Instead of publishing a summary advertisement, the Company sent materials to each holder of Series C Shares, as specified by Rule 13e-4(e)(1)(ii). It engaged an Information Agent to facilitate the distribution of tender offer materials directly to beneficial owners. The Information Agent initiated broker searches after market close on September 24, 2024. Materials were printed by the Information Agent on September 26, 2024, and mailed to DTC’s designated service provider, Broadridge, for distribution to beneficial owners starting on September 27, 2024. Mailing was completed by October 2, 2024. We understand that certain brokers may have electronically disseminated tender offer materials and instructions on how to participate in the offer to its clients prior to materials being mailed. Consistent with the Commission’s guidance related to the dissemination of materials in mini-tender offers, the Company did not rely on DTC alone to forward information about the offer to its participants, but engaged an Information Agent to engage with brokers, and worked with DTC’s designated service provider, Broadridge, as DTC’s intermediary, to promptly disseminate materials to all beneficial owners following the commencement of the Offer. The Company will, upon request, reimburse brokers, dealers, commercial banks, trust companies or other nominees, including DTC and Broadridge, for customary mailing and handling expenses incurred by them in distributing the tender offer materials to the beneficial owners of Series C Shares.

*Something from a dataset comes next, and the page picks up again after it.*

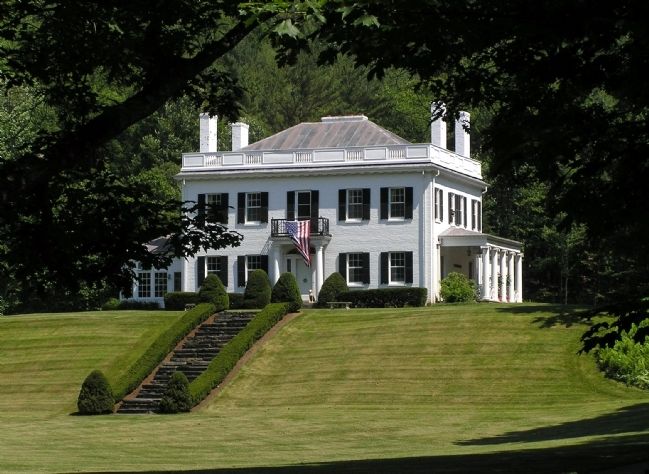Howard House (1829) image. Click for full size.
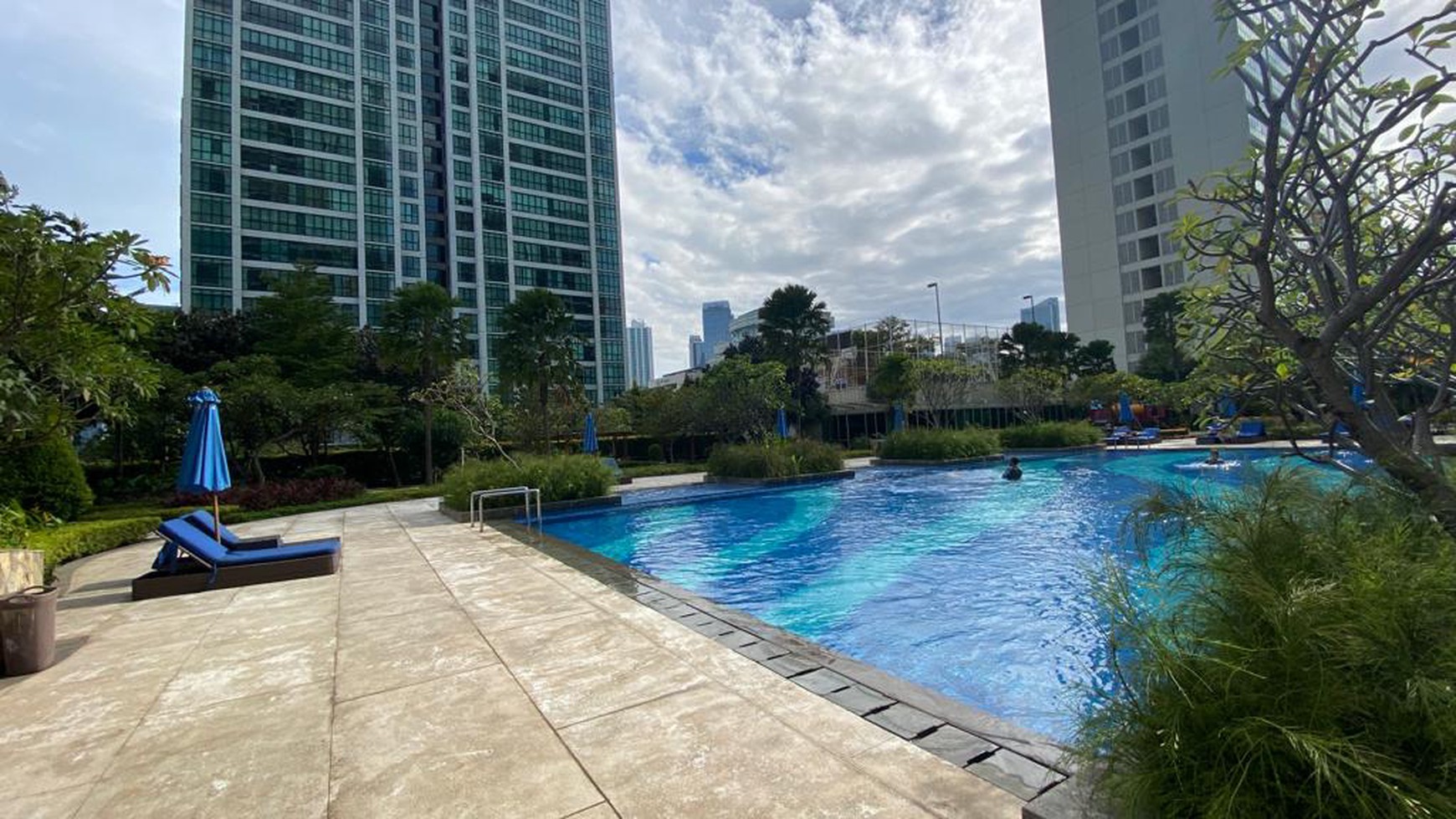 Apartemen SKY GARDEN - Setia Budi Kuningan Jakarta Selatan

Conditions of the Offer, page 22
3. | Comment: We note that the condition in the first bullet on page 23 will be triggered by "the commencement of a war, armed hostilities or other similar national or international calamity, directly or indirectly involving the United States" (emphasis added) without any materiality qualifier on the gravity of such an event, without requiring any connection between such an event and the Offer, and without limiting the event to one directly involving the United States. In addition, it is unclear what current wars, which may trigger the condition upon a "material escalation or worsening threat," are included in this condition. For example, we note the recent escalation of hostilities in Israel, including the recent attack by Iran on that country. Please revise the broad wording of this offer condition to clarify its scope, in light of recent events, and to avoid illusory offer concerns under Section 14(e) of the Exchange Act and Regulation 14E thereunder. |
Response: In response to the Staff’s comment, the Company has revised the offer condition as set forth in Amendment No. 2.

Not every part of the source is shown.